Now here’s the most important part: I use Aurora and Nightly most of the time and my own experience is that both of them are actually very stable and can be used for daily browsing. It’s possible to install all the versions side-by-side on one machine and to have them use the same add-ons, preferences, history and bookmarks. This makes it possible for many testers to fully use them for whatever they need the browser for in their life without going back to the stable version. There certainly are surprises and bugs in functionality, but i have yet to encounter one that would make me give up. In comparison, in the old “Minefield” builds the browser would often crash before a tester would even notice these bugs, so it not so useful for testing.

This change is huge. Looking back at the year of this release schedule, this may be the biggest breakthrough in the world of web browsers since the release of Firefox 1.0 in 2004. In case you forgot, before Firefox was called “Firefox”, it was just “Mozilla”; it was innovative, but too experimental for the casual user: it had clunky user interface and it couldn’t open many websites, which were built with only Microsoft Internet Explorer in mind. Consequently, it was frequently laughed at. “Firefox” was an effort to take the great innovative thing that Mozilla was, clean it up and make it functional, shiny, inviting and easy to install and use. That effort was an earth-shaking success, that revived competition and innovation in Internet technologies.

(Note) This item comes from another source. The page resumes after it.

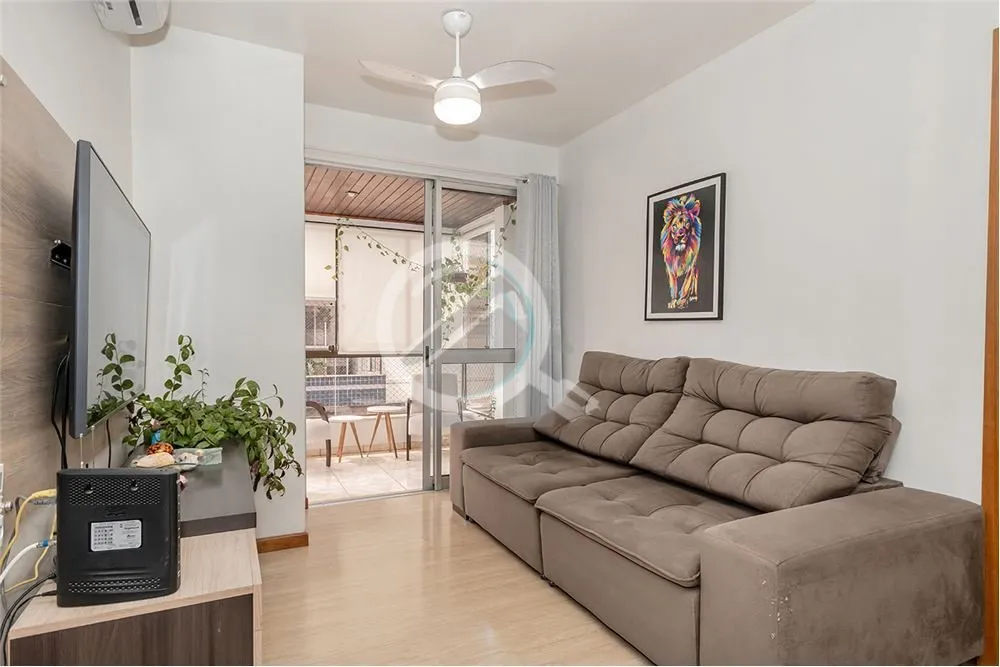 Apartamento, 3 quartos, 68 m² - Foto 4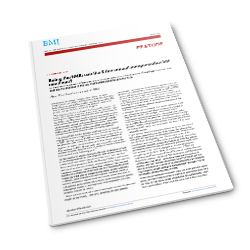 BMJ Suing the NHS article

Aurora does to software testing what Firefox did to web browsing. It makes beta testing easy and fun for many people – it turns testing from a bug hunting game that only nerds want to play into a fun and unobtrusive thing that anybody can do without even noticing. And it is a yet another thing that the Mozilla Foundation does to make the web better for everybody, with everybody’s participation.

A few words about Mozilla’s competitors: The Google Chrome team does something similar with what they call “Canary builds”. I use them to peek into the future of Chrome and i occasionally report bugs in them, but i find them much less stable than Firefox Nightly, so they aren’t as game-changing. Just as Minefield from Mozilla’s distant past, they crash too often to be useful as a daily web browser, so i keep going back to Firefox Aurora. Microsoft releases new versions of Microsoft Internet Explorer very rarely and installing future test versions is way too hard for most people, so it’s not even in the game. Opera is in the middle: It releases new versions of its browser quite frequently and offers beta builds for downloading, but it doesn’t have a public bug tracking system, so i cannot really participate in the development process.

To sum things up: Download Firefox Aurora and start using it as your daily browser and report bugs if you find any. You’ll see that it’s easier than you thought to make the Web better.